昼寝から目覚めて日向ぼっこしながら本を読み、夕方から村をただ歩いて散策する。帰り道、サッカーしてる若者たちを眺めて日暮れを迎える。サッカーが終わると帰宅して夜ご飯を作って食べる。
おしゃべりしたり読書したりして、シャワー(といってもちょろちょろ水が流れてくる程度)を浴びる。漫画を読んで、眠くなったら寝る。

ゆっくりと心地よいあたたかさの中、ただただ時間が過ぎていった。

そんなある日。
サッカー観戦を終えて泊めてくれていた友人の家に戻ると、電気がつかない。なんなら、シャワーも出ない。

停電と断水が一気にやってきた。

他の家の様子を見てみようと外に出ると、どこもかしこも真っ暗。
日本で同じことが起きたら大惨事だろう。でも、カーニョの人々は何事もなくこの暗い中で生活を続けていく。

ふと空を見上げると、満天の星空。
所狭しに星が並ぶ。この星たちが真上にも真後ろにも真ん前にも。わたしを取り囲むように散らばっている。
まるで、天球の中にいるような感覚。

地球はまるいんだ。

理屈では知っていた。だけど、空一面の星にかこまれてみて、初めて実感した。
あんまりにも綺麗で、言葉を失って、何を考えるわけでもなく、ただ庭に座りこんで星を見続けた。
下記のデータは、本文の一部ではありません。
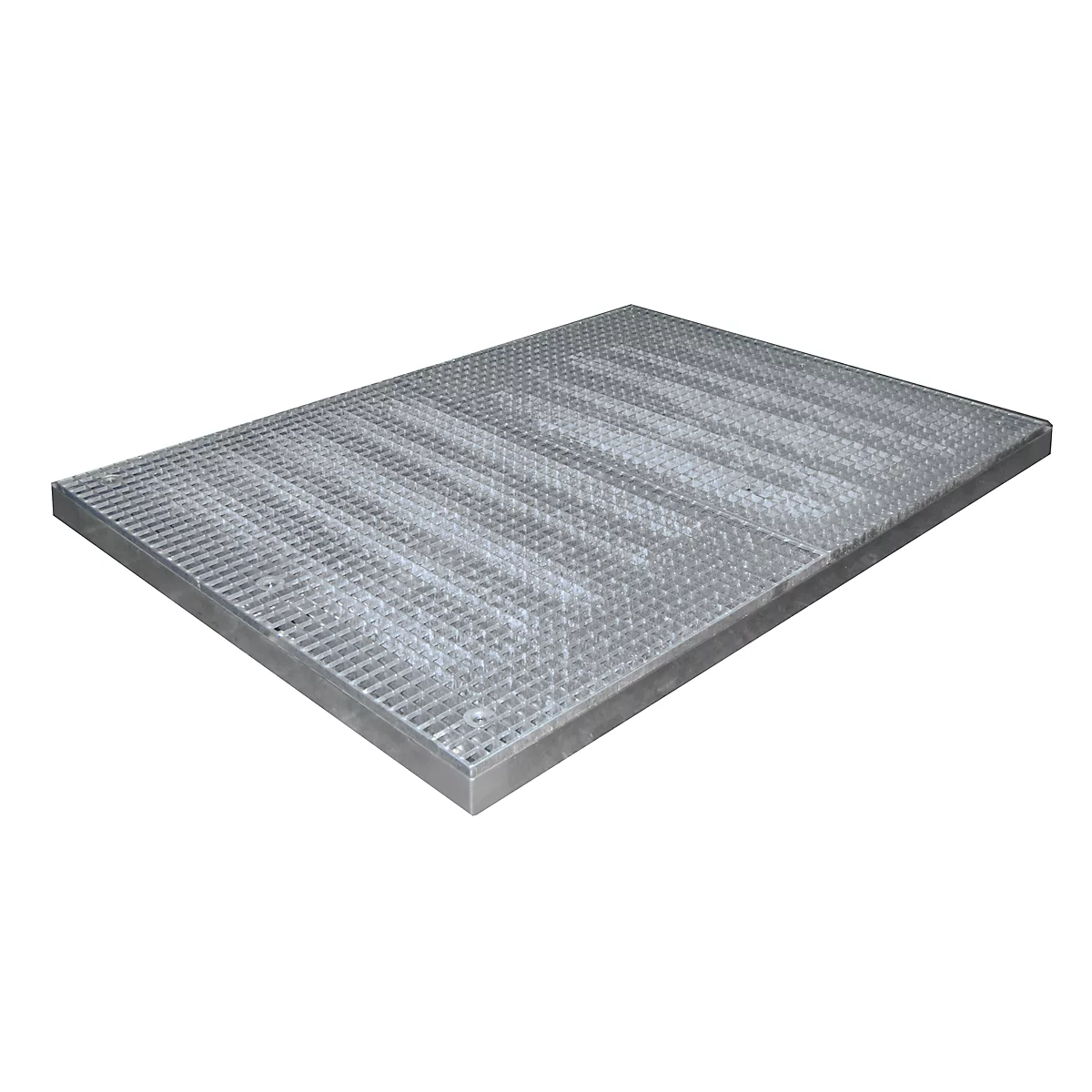 Cubeta para proteger superficies tipo BSW 22, transitable, galvanizado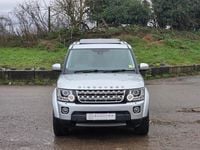 Used Land Rover Discovery 4 HSE 255 HP (187 kW) 2014 Silver SUV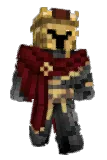 Glassborne Minecraft avatar full body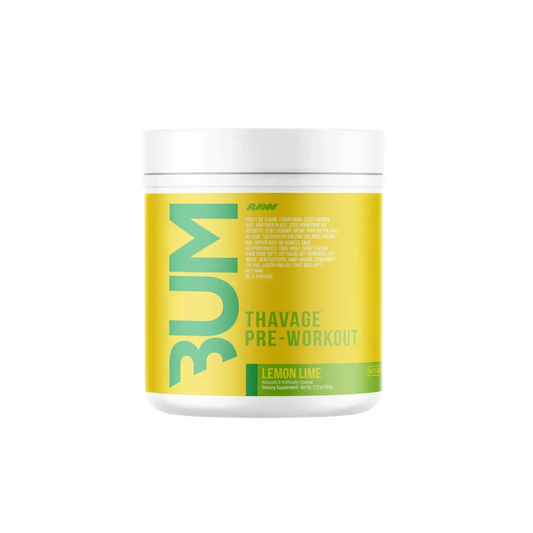 Raw Nutrition CBUM Series Thavage Pre-Workout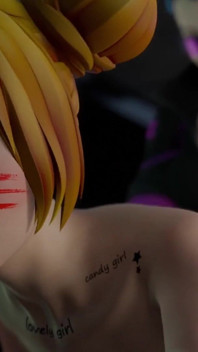 Fată sexy anime se bucură de penetrarea transgender în gură, fund și vagin.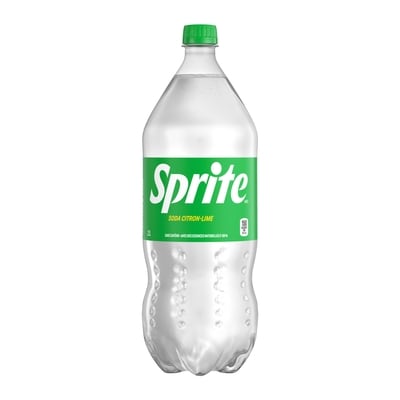 Sprite Soda Citron-Lime Bouteille 2 l, 0,14 $/100ml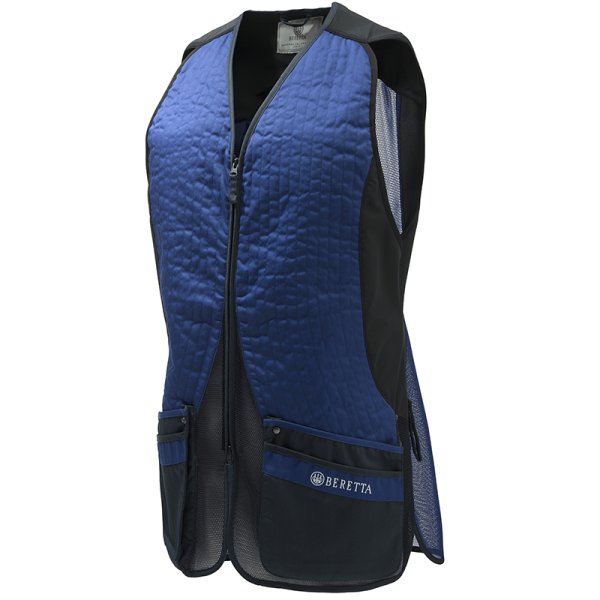 Silver Pigeon EVO vest - Blue &amp; Blue Royal
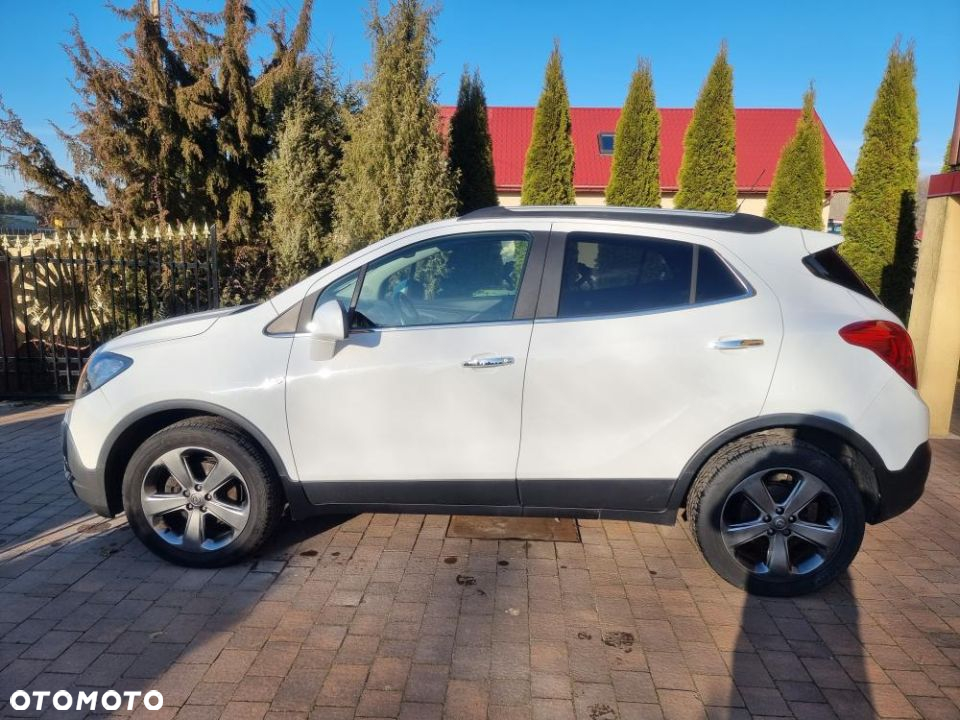Opel Mokka 1.7 CDTI Cosmo S&S 4x4 - 7
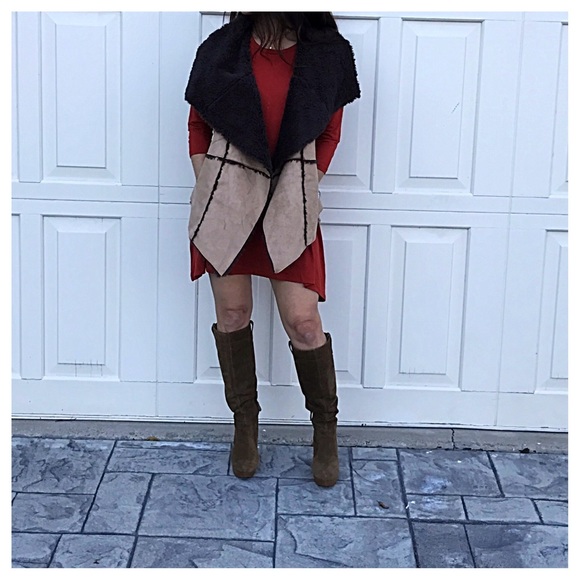 Fall Rust color tunic LOWEST PRICE NO OFFERS - Picture 4 of 5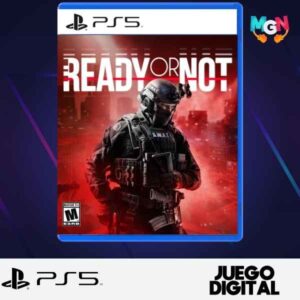 READY OR NOT (Juego Digital PS5)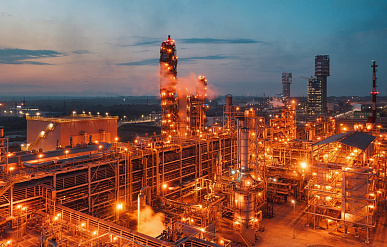 БПЛА повредили трубопровод на азотном комплексе "Апатита"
パナマでは、カスコビエホの綺麗な街並みの散策や大きなパナマ運河観光もした。

でも、一番の思い出は何かときかれたら、あの停電断水の夜に見た満天の星空とこたえるだろう。
時が止まったかのような真っ暗な中で、星だけがきらきらと輝く世界。そこで、ただ何も考えないということ。

なんにもしないをすると最高の何かに繋がる

って、プーさんも言っていた。一見簡単そうだけれど、たくさんの情報や娯楽に溢れる日常では、なかなか難しい。だからこそ、この「なんにもしない」をしたあの時間がわたしにとって大きな大きな宝物になったんだと思う。

「なんにもしない」を探しに出る旅もなかなか悪くない。